Artikel 14. Deelname aan de beraadslaging door anderen
Deze bepaling is noodzakelijk in verband met het in artikel 22 Gemeentewet geregelde verschoningsrecht. Het is uiteraard ook mogelijk dat de raad bepaalt dat een bepaalde functionaris in bepaalde gevallen altijd aan de beraadslaging mag deelnemen.
De raad kan op grond van artikel 3, derde lid, bepalen dat de griffier deelneemt aan de beraadslagingen. De burgemeester en de wethouder(s) hebben het recht (het woord te voeren en) deel te nemen aan de beraadslagingen op grond van artikel 21, eerste en tweede, lid van de Gemeentewet.

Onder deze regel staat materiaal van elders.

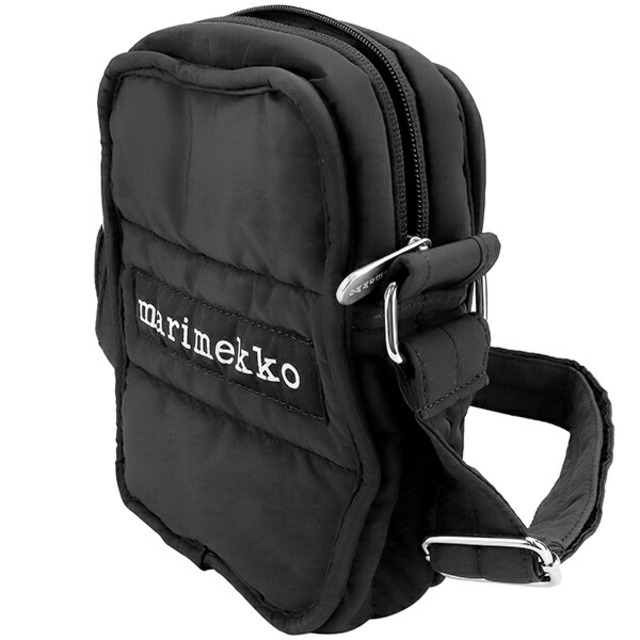 marimekko(マリメッコ)の新品 マリメッコ Marimekko ショルダーバッグ レイメア ショルダーバッグ ブラック レディースのバッグ(ショルダーバッグ)の商品写真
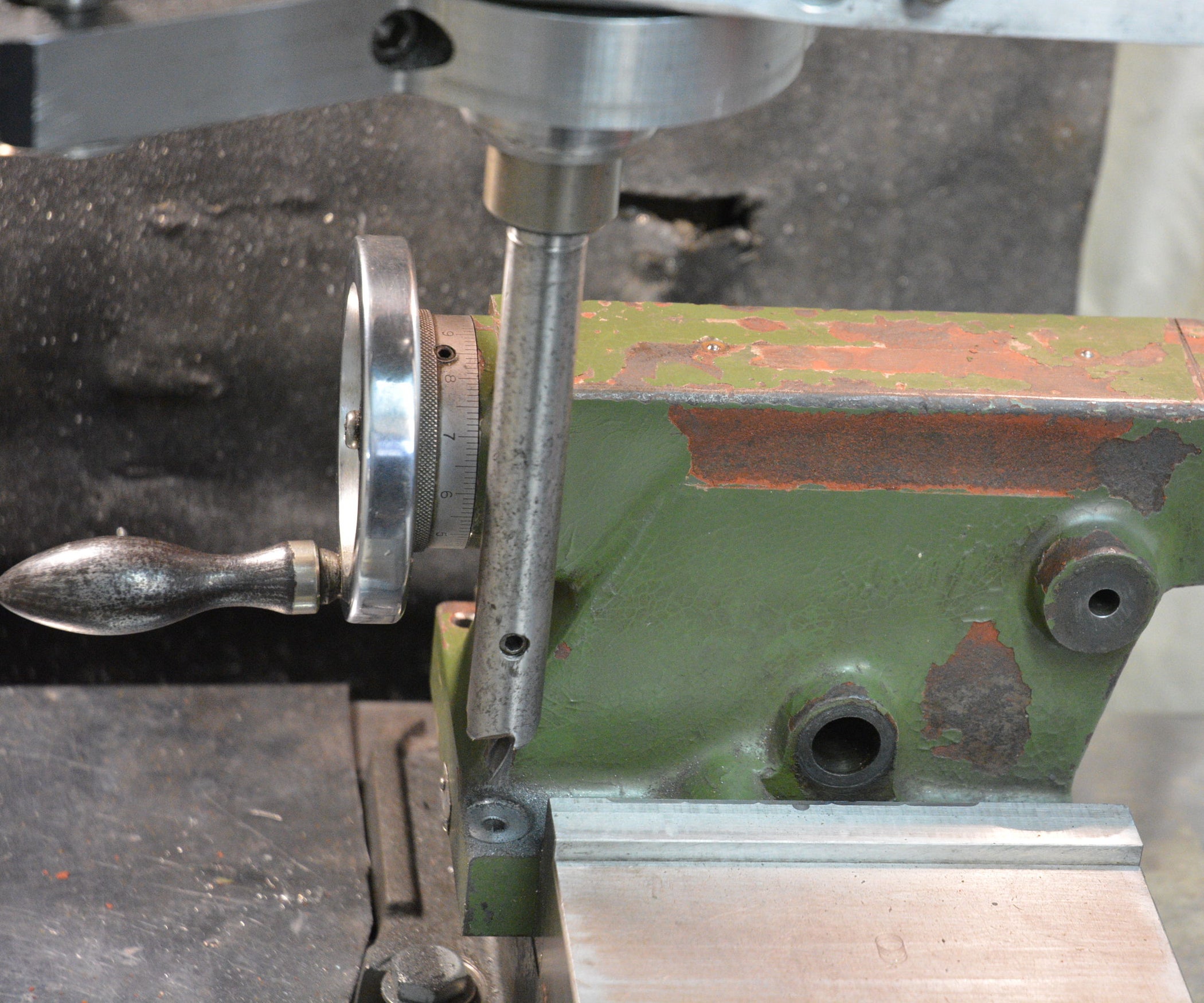 Improvements to My Lathe Tailstock. 10 Steps (with Pictures
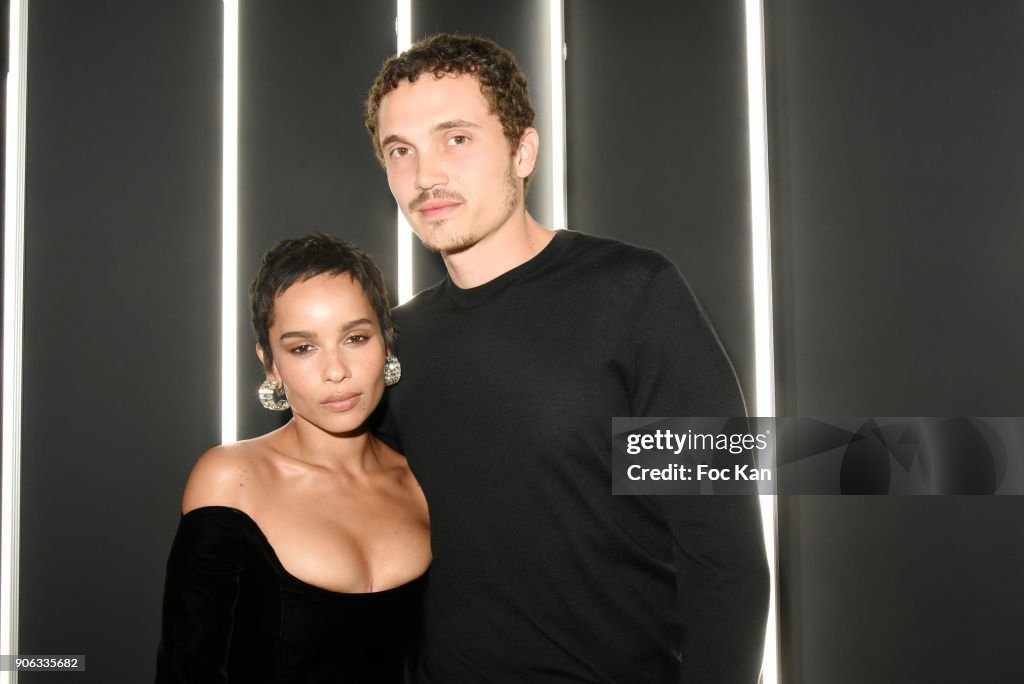YSL Beauty Party During Paris Fashion Week Menswear Fall/Winter 2018-2019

Artikel 15. Voorstellen van orde
De voorzitter legt aan de raad ter beslissing voor of er inderdaad sprake is van een voorstel van orde. Over een voorstel van orde wordt direct, zonder beraadslaging, besloten door de raad. Bij staken van stemmen is het voorstel niet aangenomen, (omdat het ordevoorstel betrekking heeft op de lopende vergadering is artikel 32, vierde lid, van de wet hierop logischer wijs niet van toepassing). Een voorstel van orde betreft bijvoorbeeld het schorsen van de vergadering voor een pauze. Indien het gaat om een niet geagendeerd voorstel, dient de procedure van een initiatiefvoorstel gevolgd te worden (artikel 30).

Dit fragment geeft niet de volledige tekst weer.